Have any of you ladies had this same problem?
Any suggestions are greatly appreciated. Thanks!


----------



## Luceuk (Nov 16, 2008)

Have you changed your washing powder, or something else that could irritate skin?


----------



## ohnna-lee (Nov 16, 2008)

Quote:

   Originally Posted by *babyjazy21* 

 
_Hi ladies,

Well Im having some huge issues with my nipples! In the last weeks for some reason they are so itchy and they are cracking to the point where they start bleeding. I dont have children nor am i pregnant. Its just really wierd because it happened all of the sudden, they get extremely itchy and once they start cracking it hurts soooo much 
	

	
	
		
		

		
		
	


	




. I dont know what to put on them, i tried putting lotion and vaseline but that just makes it worse.
Have any of you ladies had this same problem?
Any suggestions are greatly appreciated. Thanks!_

 
It may be allergies, have you laundered your clothes with anything new? When you wash your tops or bras make sure you are putting them in the wash loosely to allow the drainage of any softener and such. Sometimes when you overload a wash it will leave behind deposits that can itch the daylights out of you. Not saying this is you but just throwing it out there.

I have had the itchies and it has been mainly when I am wearing bras for a while. They have never bleed but definitely on the tender side. 

There is a bag o balm that might soothe the chapped skin.


----------



## HeavenLeiBlu (Nov 16, 2008)

to releive them you can pick up a tube Lasninoh from the drug store ( in the baby or feminine products section), or or a jar of lanolin from the health food store. They're the exact same thing. I dunno what the cause is, but I hope you feel better!


----------



## TISH1124 (Nov 16, 2008)

It sounds like it may be eczema...I had this about 4 years ago...But nothing over the counter worked I had to get a rx cream from my Doctor...and I had to make sure when I was home I did not wear a bra and very light loose clothing until it cleared up because my doctor said they needed air in order to help them heal. I would see your dermatologist or your GYN to make sure it's not something reslly serious.
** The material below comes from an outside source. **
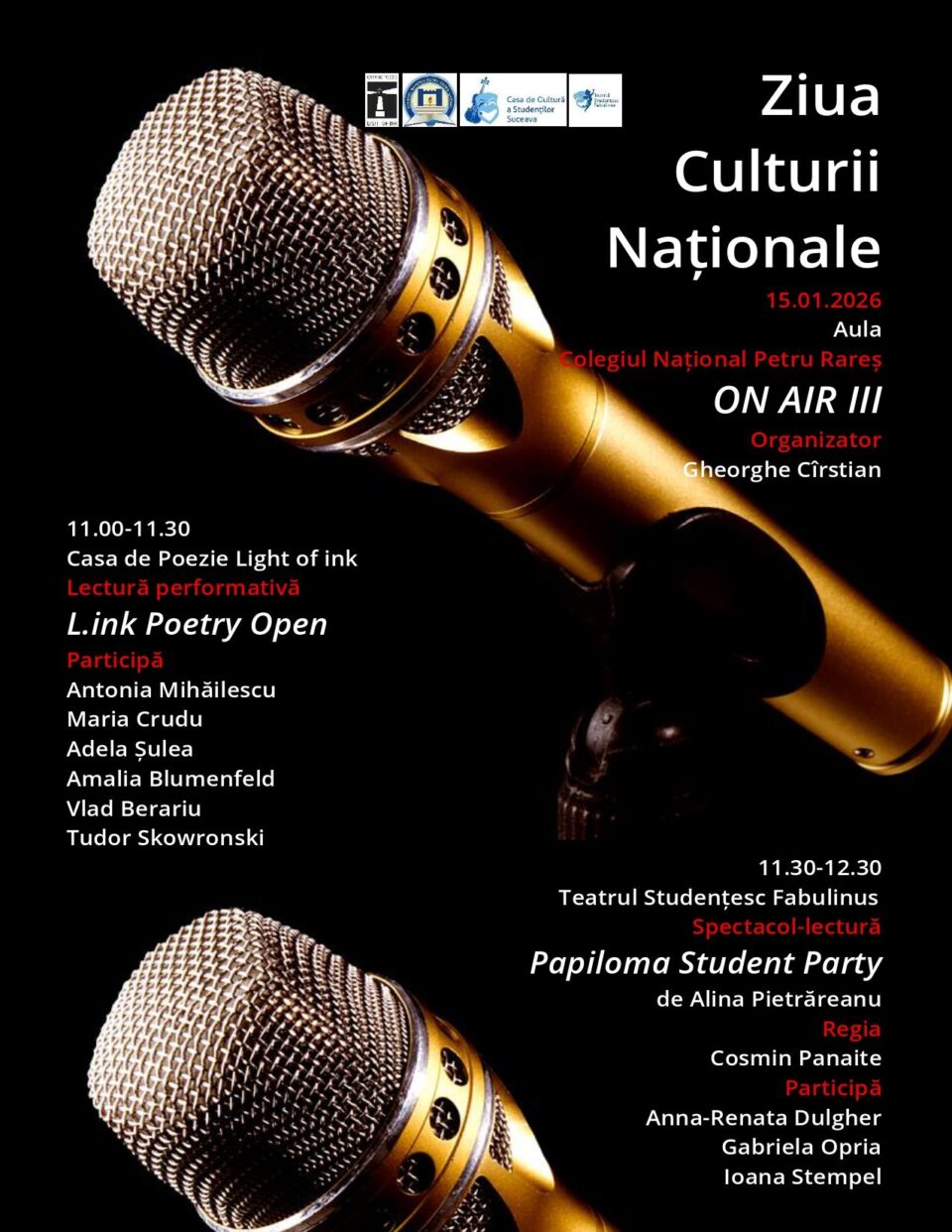 Eveniment organizat cu prilejul Zilei Culturii Naționale, în aula Colegiul Național „Petru Rareș”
I hope it gets better....I agree with  Lasninoh I sill use that from time to time now...


----------



## erine1881 (Nov 16, 2008)

Quote:

   Originally Posted by *ohnna-lee* 

 
_There is a bag o balm that might soothe the chapped skin._

 
i argree with this one.  its what farmers put on the cow's udders when they're irritated, and works really well.


----------



## babyjazy21 (Nov 17, 2008)

Thank you so much for your input ladies!! 
I will definetly check Lasninoh out. It's wierd because im still using the same soap to wash my clothes so its not like ive changed it. But i suffer from eczema so that could be the problem 
	

	
	
		
		

		
		
	


	




.
Thanks ladies


----------



## kalice (Nov 20, 2008)

I think you should go to your primary care doctor. Unexplained nipple discharge, bleeding can be due to many things, such as the ones the ladies above had said, but can also be due to some infections, growth, etc. It's probably just irritated skin, but it certainly sounds serious enough to warrant a trip to your doc.


----------



## AngelBunny (Nov 20, 2008)

This sounds like thrush to me ... which is really rare for women that aren't currently nursing but it can still happen.  Are you prone to yeast infections?  If so ... it could very possibly be thrush.  

Yeast loves dark, moist places ... so try to let your breasts breathe as much as possible just in case it is something like that.  The easiest non-doctor way to figure out if it is thrush is to go get a tube of Monistat or something of the like and use it as an ointment.  If your symptoms are improving within 48 hours, it is probably thrush.  

Sorry you are dealing with that ... last time I got it (granted I was nursing) I had bleeding cracks that were more than a half inch wide.  I would rather go through my 26 hour labor and ceasarian than go through that again ...


----------



## stacylynne (Nov 21, 2008)

Did you change your detergent? Or do you send out your laundry & you don't know what they're using to clean your clothes?

I never had this problem but I do have very sensitive skin. You may want to try unrefined shea butter. It's all natural. I would suggest every night take a shower & use shea butter on the affected area. (The reason why I say use it @ night is b/c it's greasy).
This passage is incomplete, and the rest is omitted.